Auf einen Wink hin, öffnete sich die Tür und ein weiterer Zauberer trat ein.

Er war groß und hager und wurde vollständig von einem langen schwarzen Umhang verhüllt. Sein Gesicht war schmal und bleich, was durch seine schwarzen Haare noch unterstrichen wurde. Sie hingen ihm strähnig ins Gesicht und aus seinen dunklen, fast schwarzen Augen sah er mich abschätzend an.

Normalerweise hätte er auf mich einen ziemlich unsympathischen Eindruck gemacht, aber da ich ein ziemlich offener Mensch war und die Leute nicht nach dem ersten Eindruck beurteilte, wartete ich erst mal ab.

„Darf ich Ihnen Professor Severus Snape vorstellen. Severus, das ist Cassiopeia McCallahan. Sie wird im nächsten Jahr Verteidigung gegen die dunklen Künste unterrichten."

Bei der Nennung meines Namens ächzte ich hörbar auf und fing mir ein spöttisches Lächeln von Snape ein.

„Sie werden sie ein wenig unter Ihre Fittiche nehmen, damit sie sich schnell bei uns eingelebt hat."

„Natürlich, Sir", sagte Snape höflich und seine Stimme war leise und ließ keinerlei Gefühlsregung erkennen.

„So meine Liebe", wandte Dumbledore sich wieder an mich. „Ich denke ich habe Ihnen alles wichtige mitgeteilt. Ich lasse Cyrus eine Nachricht zukommen, dass Sie hier gut untergebracht sind und dann kann ich Ihnen nur einen angenehmes Jahr hier wünschen. Wir sehen uns spätestens bei der Eröffnungsfeier für das neue Schuljahr wieder."

Damit war ich entlassen und sah unschlüssig zu Snape. Ich wusste ja gar nicht, wo ich jetzt hingehen sollte, geschweige denn wo ich wohnen sollte.

Snape deutete mit einem Kopfnicken Richtung Tür, wurde aber von Dumbledore noch einmal zurückgehalten.
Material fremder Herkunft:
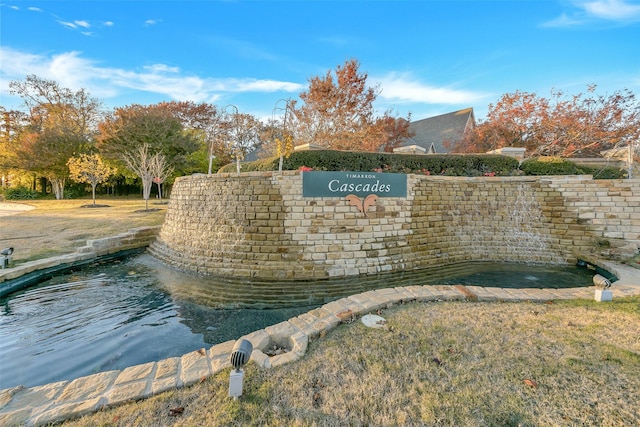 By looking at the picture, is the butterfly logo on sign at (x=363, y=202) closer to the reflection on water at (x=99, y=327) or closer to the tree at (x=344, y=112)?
the reflection on water at (x=99, y=327)

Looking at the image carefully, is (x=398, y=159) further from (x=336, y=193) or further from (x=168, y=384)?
(x=168, y=384)

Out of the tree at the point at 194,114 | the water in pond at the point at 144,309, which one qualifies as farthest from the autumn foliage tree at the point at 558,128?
the tree at the point at 194,114

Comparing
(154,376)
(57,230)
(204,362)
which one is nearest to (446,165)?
(204,362)

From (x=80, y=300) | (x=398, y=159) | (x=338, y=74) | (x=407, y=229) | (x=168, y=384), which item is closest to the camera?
(x=168, y=384)

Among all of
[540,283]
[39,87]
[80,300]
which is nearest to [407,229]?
[540,283]

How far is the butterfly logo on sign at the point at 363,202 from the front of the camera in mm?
7473

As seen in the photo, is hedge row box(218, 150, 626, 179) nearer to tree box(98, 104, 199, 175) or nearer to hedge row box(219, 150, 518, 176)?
hedge row box(219, 150, 518, 176)

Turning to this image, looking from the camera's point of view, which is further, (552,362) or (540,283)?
(540,283)

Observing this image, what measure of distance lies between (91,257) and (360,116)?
1550cm

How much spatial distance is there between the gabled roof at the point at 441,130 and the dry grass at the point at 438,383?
1841 centimetres

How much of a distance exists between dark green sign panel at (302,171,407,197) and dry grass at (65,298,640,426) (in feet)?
14.5

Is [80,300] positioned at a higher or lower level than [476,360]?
lower

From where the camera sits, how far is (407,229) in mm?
8023

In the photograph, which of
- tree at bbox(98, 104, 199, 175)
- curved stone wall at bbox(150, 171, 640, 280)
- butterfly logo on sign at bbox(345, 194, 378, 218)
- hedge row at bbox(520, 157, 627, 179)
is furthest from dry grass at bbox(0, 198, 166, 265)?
hedge row at bbox(520, 157, 627, 179) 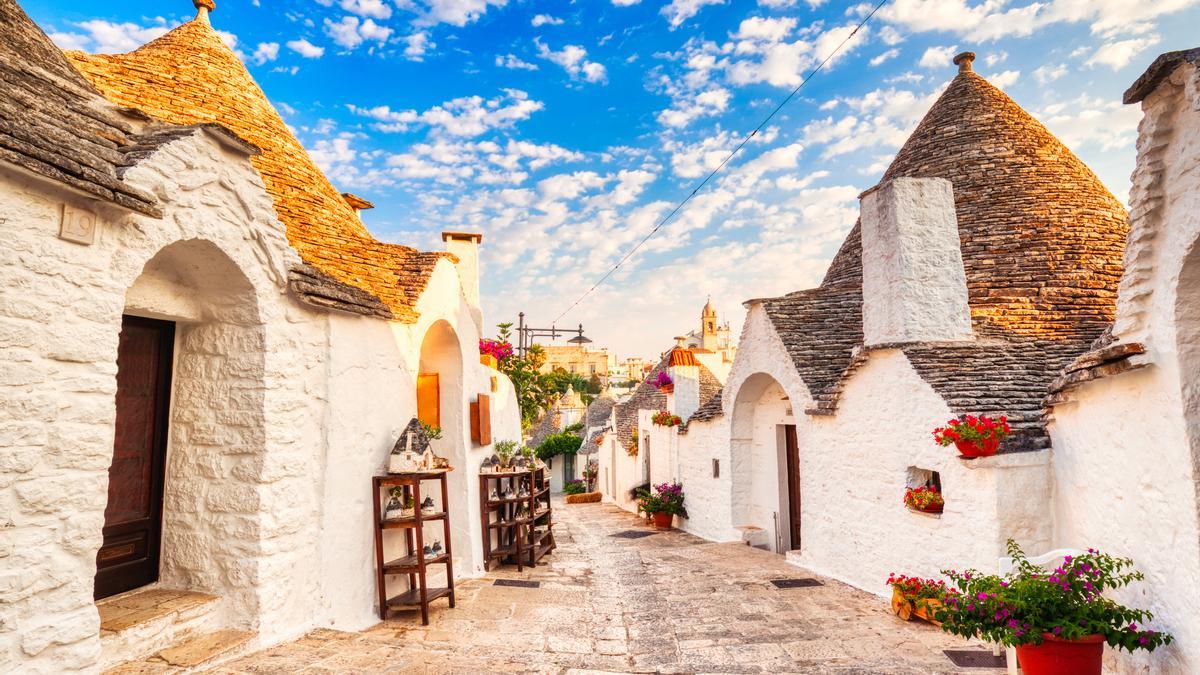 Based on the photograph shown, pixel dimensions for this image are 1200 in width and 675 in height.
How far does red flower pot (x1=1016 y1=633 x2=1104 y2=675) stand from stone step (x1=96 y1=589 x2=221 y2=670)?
545 centimetres

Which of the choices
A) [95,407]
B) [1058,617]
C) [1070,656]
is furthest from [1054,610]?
[95,407]

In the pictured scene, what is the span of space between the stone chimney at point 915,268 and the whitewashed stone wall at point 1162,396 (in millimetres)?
2457

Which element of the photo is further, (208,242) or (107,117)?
(208,242)

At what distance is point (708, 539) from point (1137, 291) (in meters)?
9.22

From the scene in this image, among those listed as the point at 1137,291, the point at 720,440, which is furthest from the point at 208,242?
the point at 720,440

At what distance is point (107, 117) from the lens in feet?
11.9

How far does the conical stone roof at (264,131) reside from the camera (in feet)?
19.2

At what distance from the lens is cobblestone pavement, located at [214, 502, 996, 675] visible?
438cm

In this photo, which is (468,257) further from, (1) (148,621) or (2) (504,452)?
(1) (148,621)

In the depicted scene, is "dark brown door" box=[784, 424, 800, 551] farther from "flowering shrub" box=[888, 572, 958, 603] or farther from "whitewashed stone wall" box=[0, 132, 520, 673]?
"whitewashed stone wall" box=[0, 132, 520, 673]

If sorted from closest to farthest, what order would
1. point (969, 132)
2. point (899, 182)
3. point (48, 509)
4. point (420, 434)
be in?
point (48, 509)
point (420, 434)
point (899, 182)
point (969, 132)

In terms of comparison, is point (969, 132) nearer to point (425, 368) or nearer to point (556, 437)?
point (425, 368)

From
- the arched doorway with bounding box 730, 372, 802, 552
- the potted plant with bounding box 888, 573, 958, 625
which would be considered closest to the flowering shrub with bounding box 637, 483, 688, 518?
the arched doorway with bounding box 730, 372, 802, 552

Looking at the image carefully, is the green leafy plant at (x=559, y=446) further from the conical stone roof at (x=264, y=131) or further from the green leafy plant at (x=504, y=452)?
the conical stone roof at (x=264, y=131) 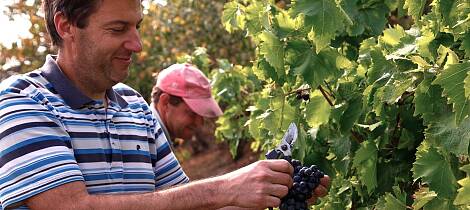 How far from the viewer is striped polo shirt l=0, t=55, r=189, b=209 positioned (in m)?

„Ach, jetzt hätte ich es fast vergessen. Zeigen Sie Cassie doch ihre Räumlichkeiten. Ihre Sachen sind übrigens gerade angekommen", fügte er an mich gewandt noch hinzu.

Snape nickte nur und ging dann wortlos an mir vorbei und verließ das Büro.

Wenn ich nicht ganz verloren sein wollte, musste ich ihm wohl oder übel folgen. Ich holte ihn am Fuße der Treppe ein und als sich der Wasserspeier hinter uns wieder lautlos vor den Eingang schob, standen wir beide etwas unschlüssig da.

Ich wollte schon etwas sagen, doch ich schluckte die Worte hinunter. Snape sah nicht danach aus, als hätte er große Lust auf Konversation, geschweige denn auf die Aufgabe die Dumbledore ihm zugeteilt hatte.

„Bitte folgen Sie mir", meinte er schließlich etwas steif und ging voraus.

Als ich hinter ihm hereilte konnte ich mir ein Grinsen nicht verkneifen, denn mich überkam unvermittelt das Gefühl, was ich immer gehabt hatte, wenn ich Nachsitzen oder sonstige Strafarbeiten machen musste.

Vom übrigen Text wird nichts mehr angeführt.